Faktor ekstern yang diperkirakan
akan menjadi penyebab dari timbulnya sikap keagamaan yang tidak lazim adalah :
1)
Musibah
Terkadang musibah yang serius dapat mengguncangkan kejiwaan seseorang.
Keguncangan ini sering pula menimbulkan kesadaran dalam diri manusia dalam
berbagai tafsiran. Bagi mereka yang semasa sehatnya kurang memiliki pengalaman
dan kesadaran agama yang cukup, umumnya menafsirkan musibah sebagai peringatan
tuhan kepada dirinya.
Tafsiran seperti itu tak jarang memberi wawasan baru baginya untuk kembali
hidup ke jalan agama, sehingga makin berat musibah yang dialaminya maka akan
semakin tinggi ketaatannya kepada agama. Bahkan mungkin pula mereka yang
mengalami peristiwa semacam itu akan menjadi penganut agama yang fanatik.
2)
Kejahatan
Mereka yang menekuni kehidupan di lingkungan dunia hitam, baik sebagai
pelaku atau hanya sebagi pendukung kejahatan, umumnya akan mengalami guncangan
batin dan merasa berdosa. Persaan tersebut mereka tutupi dengan perbuatan yang
bersifat kompensatif.
Perasaan seperti itu biasanya menghantui terus menerus diri sendiri hingga
menyebabkan hidup mereka tidak pernah mengalami ketenangan dan ketentraman.

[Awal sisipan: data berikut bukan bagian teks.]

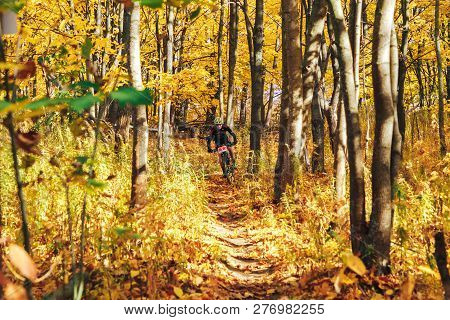 October 14, 2018, Minsk, Belarus.2018 Olympic Cross Country Cup Xco In Medvezhino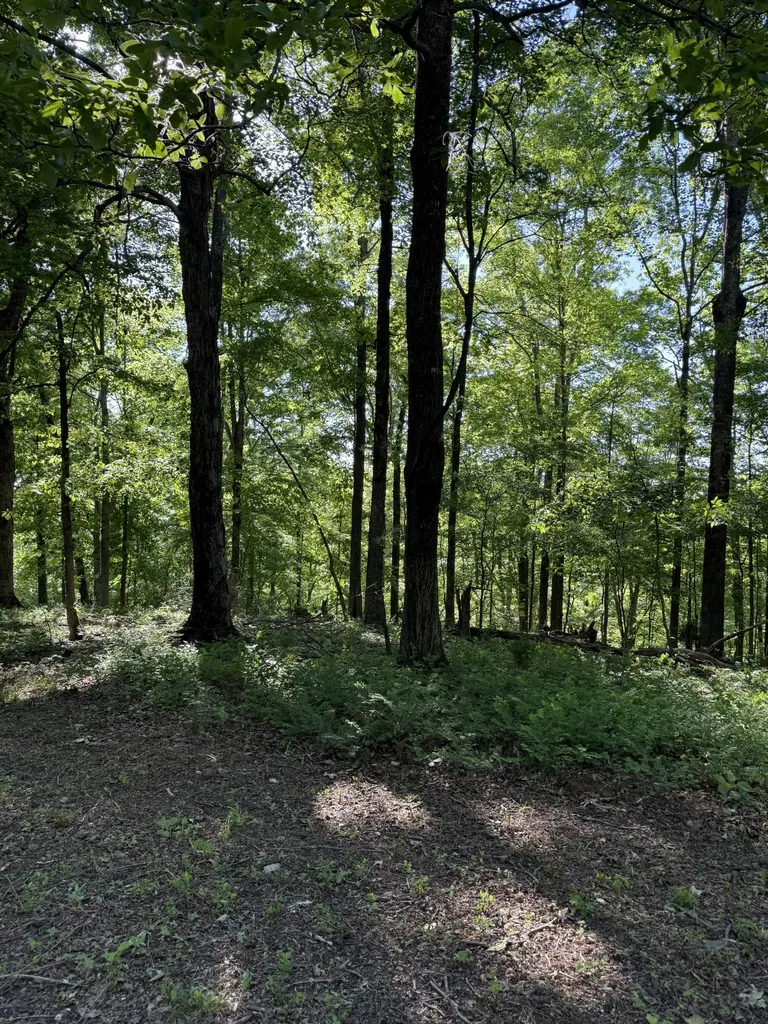 0 Poplar Grove Road Mc Ewen TN 37101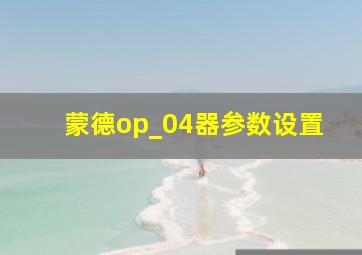 蒙德op_04器参数设置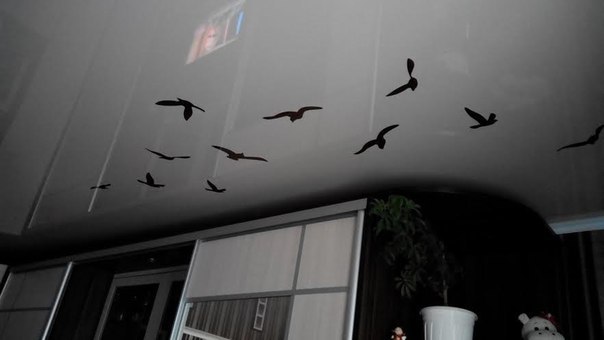 фото натяжной потолок наклейка летящие птички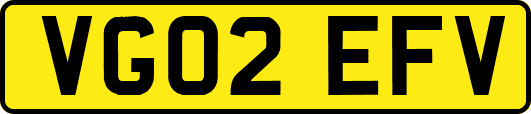 VG02EFV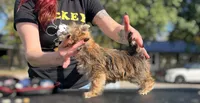 Phoenix, a male Shih Tzu and Yorkshire Terrier for sale in Kendallville, IN – 2 of 5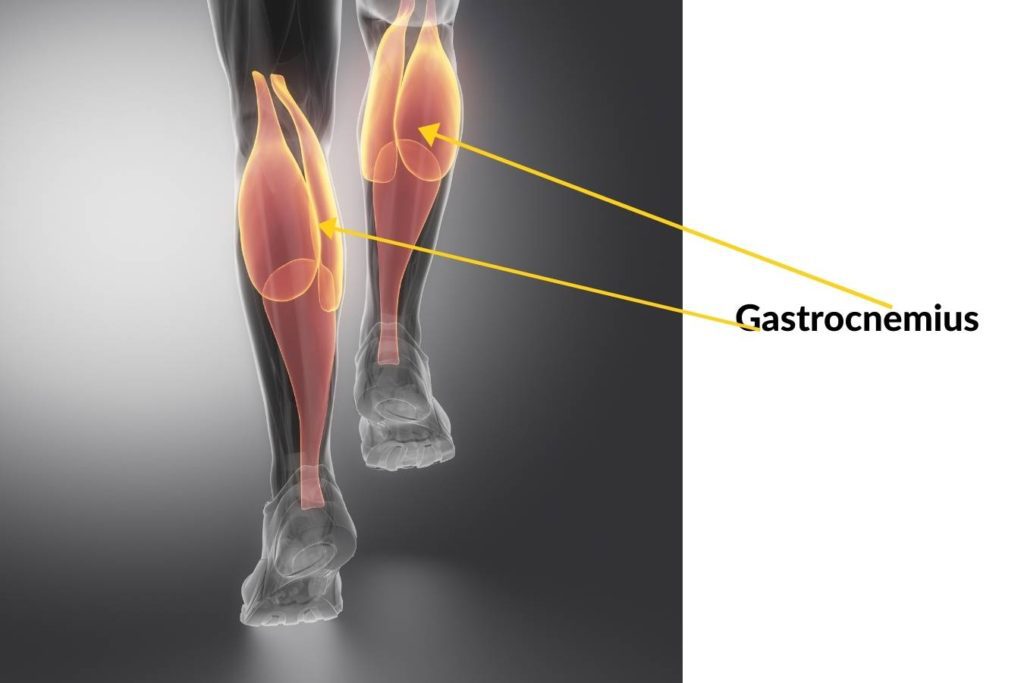 Muay Thai Calf Injury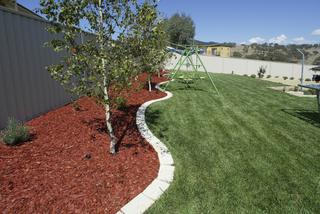 Backyard (2005-04-01)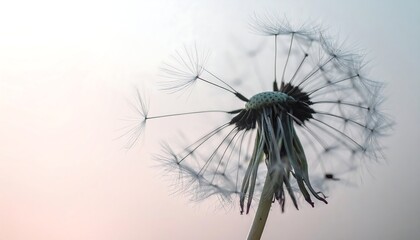 Fragile Beauty Dandelion Seed Head Against Soft Background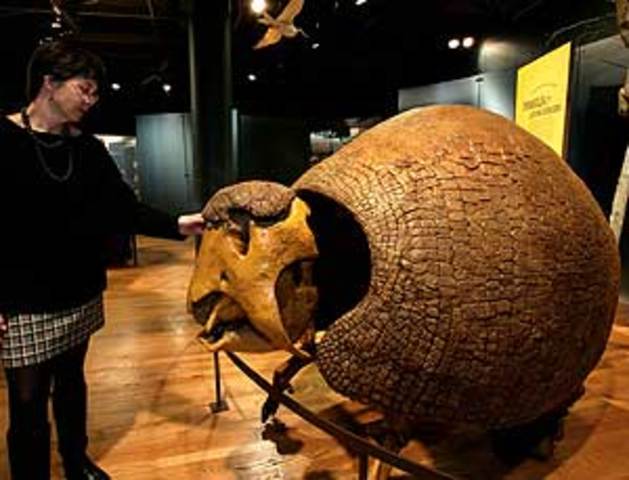 The Beagle Reaches Punta Alta, Argentina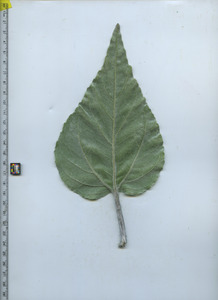 leafbottom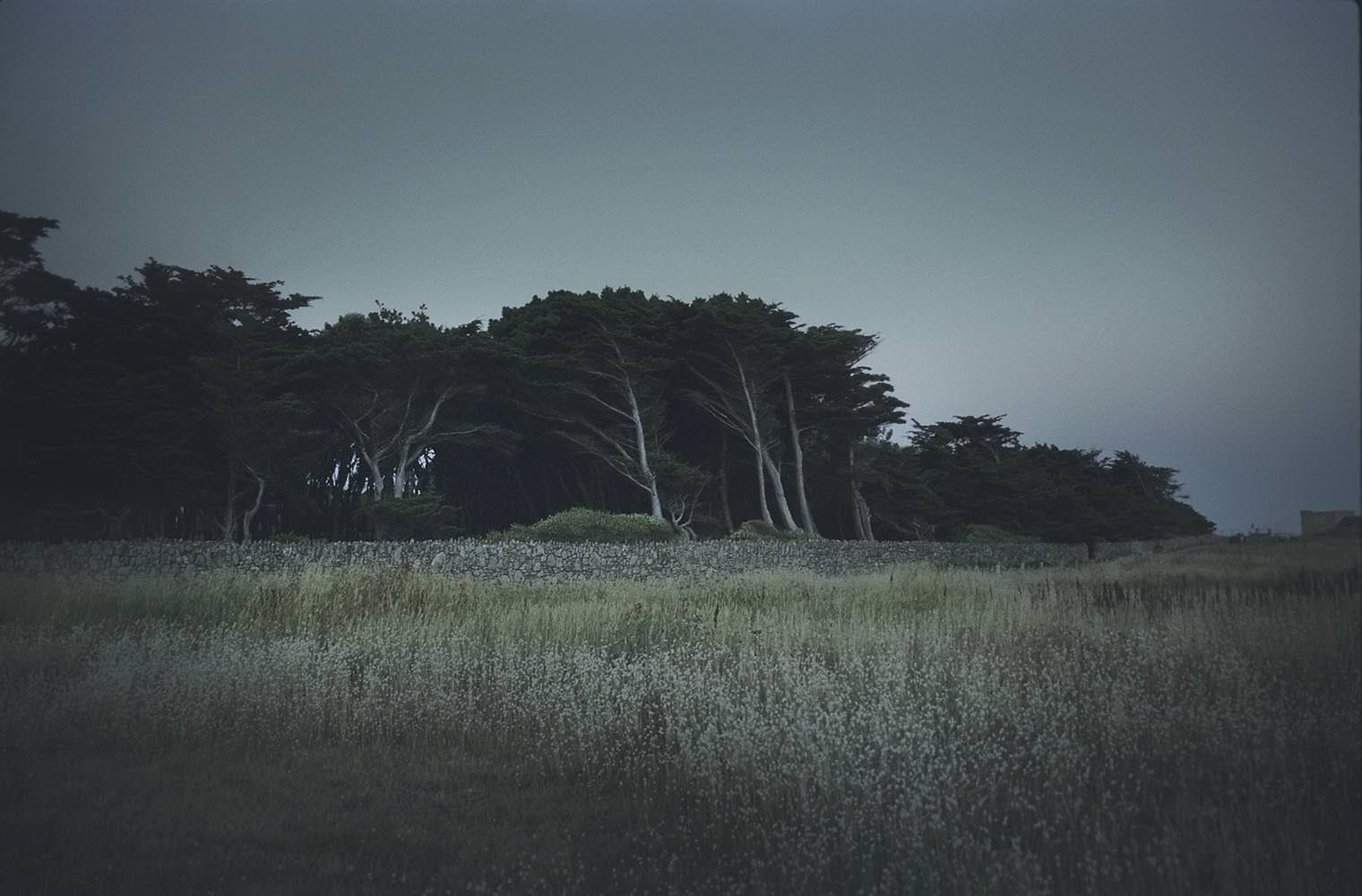 Hodosy Enikő: Bleu, Cote sauvage, 2013 © Hodosy Enikő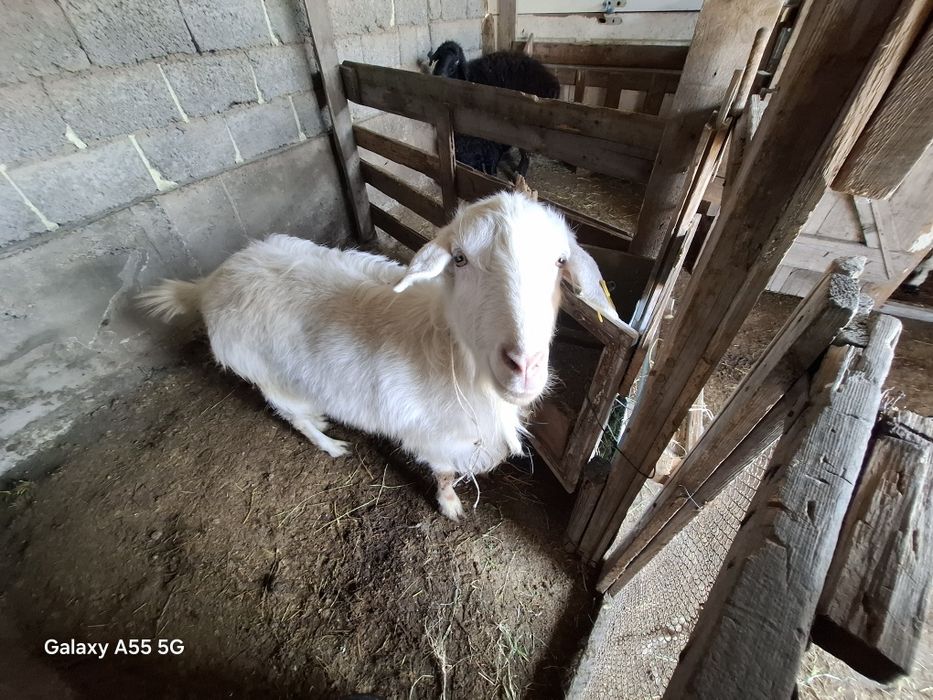 Қозылы қой мен ешкі сатылады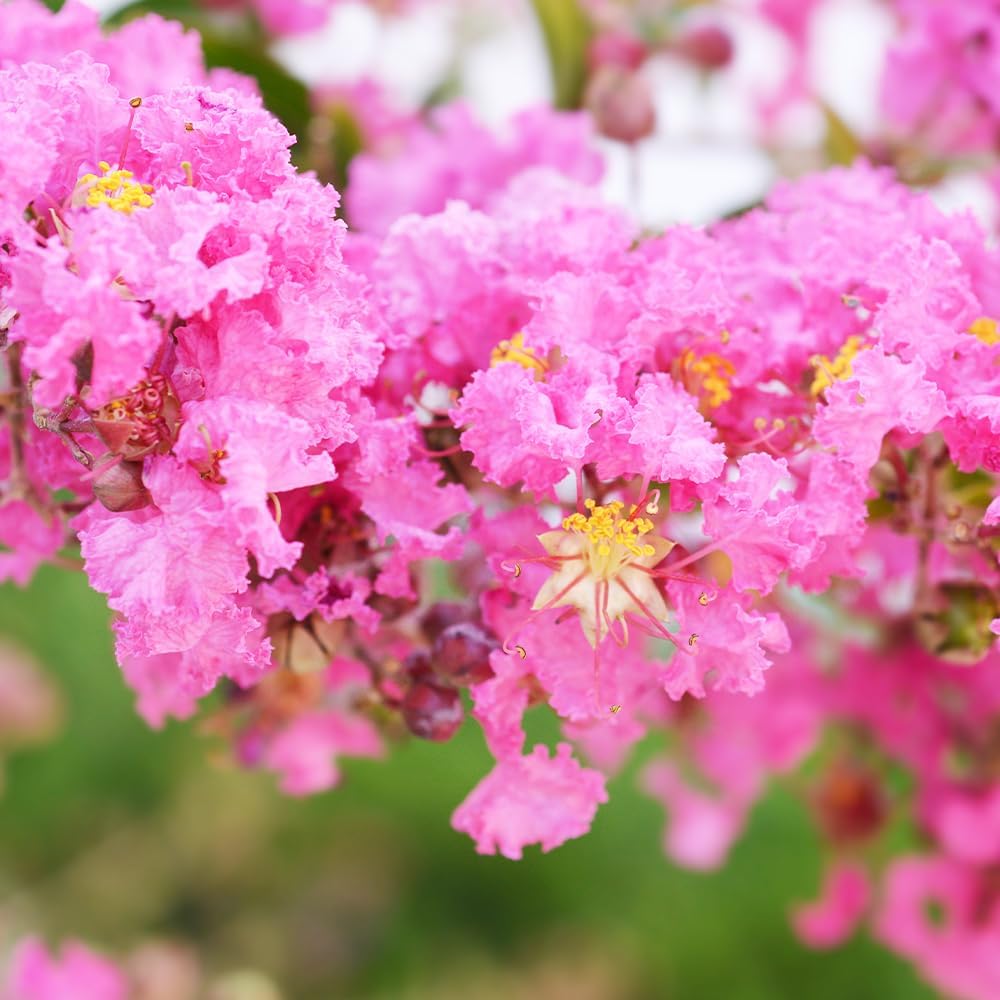 Bucephalandra sp.オリーバ （カミハタ） Bucephalandra sp.オリーバ
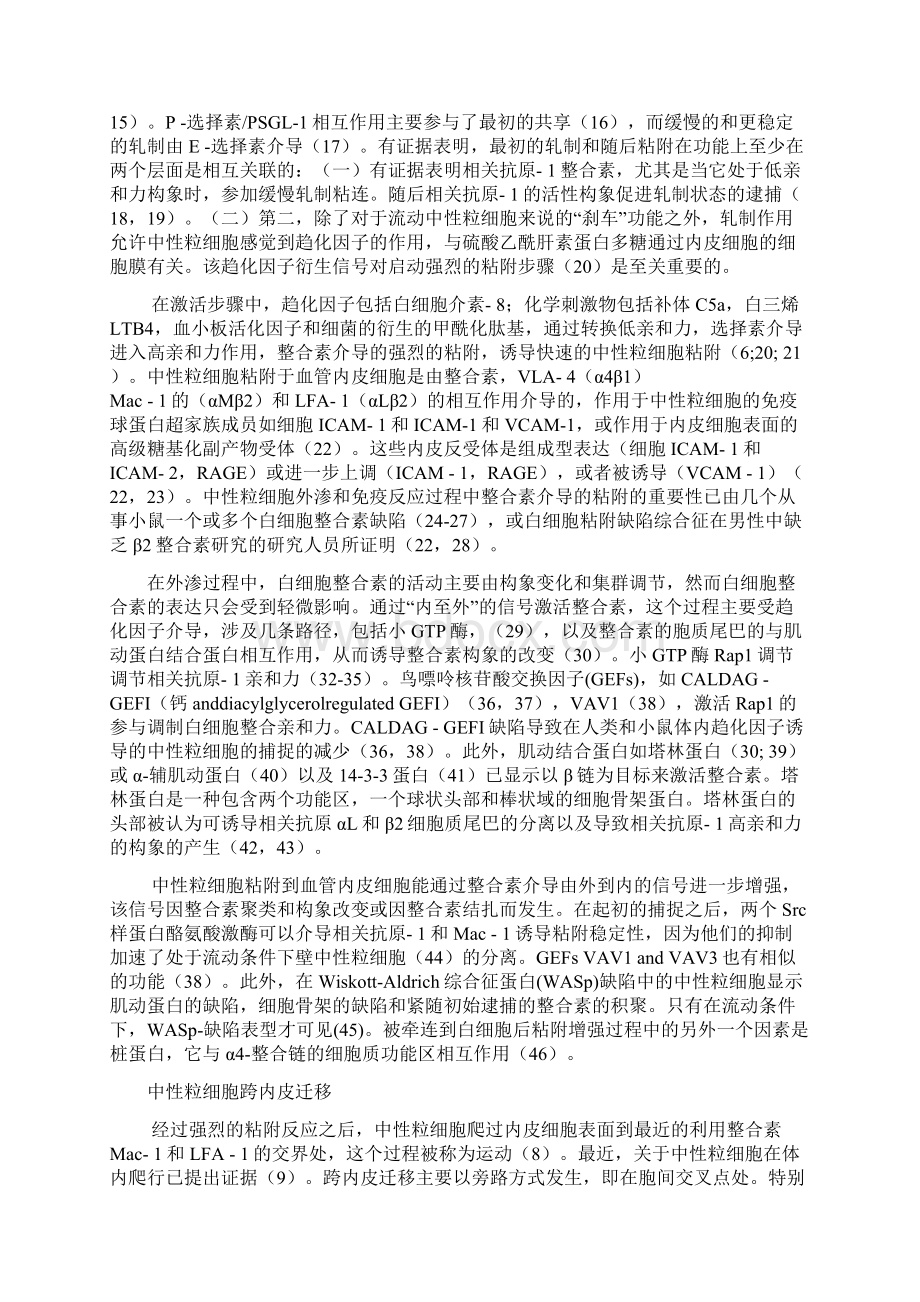 中性粒细胞跨内皮迁移机制.docx_第2页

Sesekali mungkin saja timbul perasaan kemanusiaannya yang fitri seperti kasih
sayang, menyesal, dan merasa berdosasebagai akibat karena kehilangan harga diri
serta dikucilkan masyarakat.
Perasaan-persaan tersebut biasanya mendorong mereka untuk mencari
penyaluran yang menurut penilainnya dapat memberi ketentraman batin. Lazimnya,
mereka ini akan kembali kepada agama. Kesadaran ini sering mendorong seseorang
untuk bertobat. Sebagai penebus terhadap dosa-dosa yang telah diperbuatnya, tak
jarang orang-orang seperti ini kemudian menjadi penganut agama yang taat dan
fanatik.[5]
2. Tipe Orang yang Sehat Jiwa (Healthy-Minded-Ness)
Ciri dan
sifat agama pada orang yang sehat jiwa menurut W. Starbuck yang dikemukakan
oleh W. Houston Clark dalam bukunya Religion Psychology adalah :
a.
Optimis dan gembira
Orang yang sehat jiwa menghayati
segala bentuk ajaran agama dengan perasaan optimis. Pahala menurut pandangannya
adalah sebagai hasil jerih payah yang diberikan Tuhan. Sebaliknya, segala
bentuk musibah dan penderitaan yang dianggap sebagai keteledoran dan kesalahan
yang dibuatnya dan tidak beranggapan sebagai peringatan Tuhan terhadap dosa
manusia.
b.
Ektrovet dan tak mendalam
Sikap optimis dan terbuka yang
dimiliki orang yang sehat jasmani ini menyebabkan mereka mudah melupakan
kesan-kesan buruk dan luka hati yang tergores sebagai ekses agamis tindakannya.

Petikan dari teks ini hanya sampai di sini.